What you need to do | From the listing below, copy only the lines from the line that contains "A bright, empty" to the line that contains "Heal Thy Hair", counting those two lines as part of the copy.

Provided records |
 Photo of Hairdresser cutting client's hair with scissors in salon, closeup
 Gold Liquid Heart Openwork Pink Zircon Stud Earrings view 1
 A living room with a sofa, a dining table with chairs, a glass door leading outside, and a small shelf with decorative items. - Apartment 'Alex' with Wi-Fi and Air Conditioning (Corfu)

* * *

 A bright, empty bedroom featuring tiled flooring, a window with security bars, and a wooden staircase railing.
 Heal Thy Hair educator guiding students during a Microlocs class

---

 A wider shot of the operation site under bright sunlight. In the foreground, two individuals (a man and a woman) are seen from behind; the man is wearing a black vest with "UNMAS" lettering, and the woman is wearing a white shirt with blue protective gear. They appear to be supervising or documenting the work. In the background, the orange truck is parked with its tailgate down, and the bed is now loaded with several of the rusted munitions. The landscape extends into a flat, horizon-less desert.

Output |
 A bright, empty bedroom featuring tiled flooring, a window with security bars, and a wooden staircase railing.
 Heal Thy Hair educator guiding students during a Microlocs class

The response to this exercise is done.